Welcome to the site Jim.


----------



## Magyckman (Oct 15, 2006)

Thanks for the welcome. Glad to be here.


----------



## Magyckman (Oct 15, 2006)

evangilder said:


> Welcome from another photographer. I too, would like to see some of your shots.



Thanks for the welcome. I'll have to work on getting a few shots up. A lot of my stuff is still on medium format film and I haven't gotten around to having the neg's scanned yet. I do have a few museum shots on digital, though and I'll get some of them marked and post them. I must say though that I have nothing that compares with a lot of the stuff I've seen posted here and on your site.
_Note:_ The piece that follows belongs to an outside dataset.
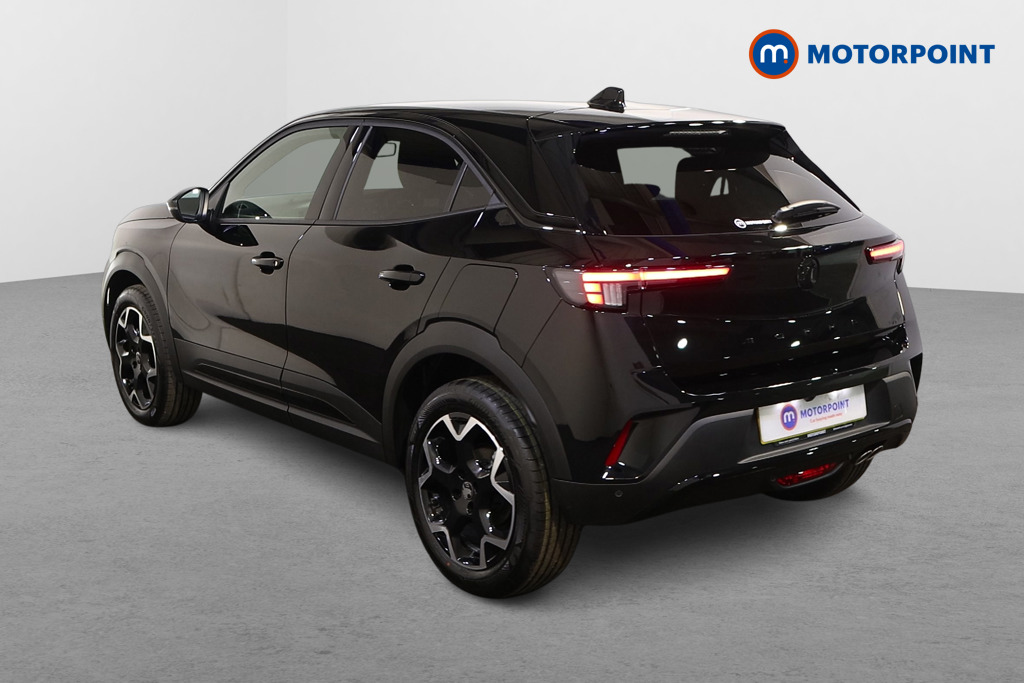 Vauxhall Mokka GS Manual Petrol SUV - Stock Number (1585711) - Passenger side rear corner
I'm working on a book on the WASP of WWII right now so that's keeping me occupied as well.


----------



## mkloby (Oct 15, 2006)

Welcome aboard Jim


----------



## FLYBOYJ (Oct 15, 2006)

Welcome Jim!


----------



## evangilder (Oct 15, 2006)

Magyckman said:


> Thanks for the welcome. I'll have to work on getting a few shots up. A lot of my stuff is still on medium format film and I haven't gotten around to having the neg's scanned yet. I do have a few museum shots on digital, though and I'll get some of them marked and post them. I must say though that I have nothing that compares with a lot of the stuff I've seen posted here and on your site.
> 
> I'm working on a book on the WASP of WWII right now so that's keeping me occupied as well.


Hey, if you got the cover shot three times, you must have some shots that are good. Don't be modest now. I have been fortunate to have gotten some great pointers from some astounding photographers. My first paying published print is coming out in November, and it's not a cover shot.


----------



## Bf109_g (Oct 16, 2006)

Welcome to the forum, Jim!!


----------



## Magyckman (Oct 16, 2006)

Roger that, Marine. I was in the USMCR from 1958-1966 and I'm proud of that honorable discharge hanging on the wall.


----------



## mkloby (Oct 16, 2006)

Another Marine - Jim, I think we'll get along just fine! What was your MOS?
I'm on my last flight of primary flight training, then hopefully going on to fly helos in just a few short weeks. Looks like i'm getting downed for weather again today - it's pouring. This last flight is proving difficult to get off the ground!


----------



## DerAdlerIstGelandet (Oct 16, 2006)

It will come in due time my young padawa.


----------



## Magyckman (Oct 16, 2006)

My primary MOS was 2531, field radio operator. Of course, like every other Marine then, my secondary MOS was '03, ground pounder, grunt, infantryman which ever title you care to use. Congrat's on the flying. I wanted to get into OCS and possible flight training but partial color blindness shot me down on the flying and, somehow, I didn't get around to going to college until I was in my 40's.
Semper Fi!


----------



## mkloby (Oct 16, 2006)

Believe it or not, I almost dropped my pilot slot back in The Basic School. Comm was one of the MOS's that I was thinking of putting in for. Luckily, I didn't drop it, and here I am now. Welcome aboard, again.


----------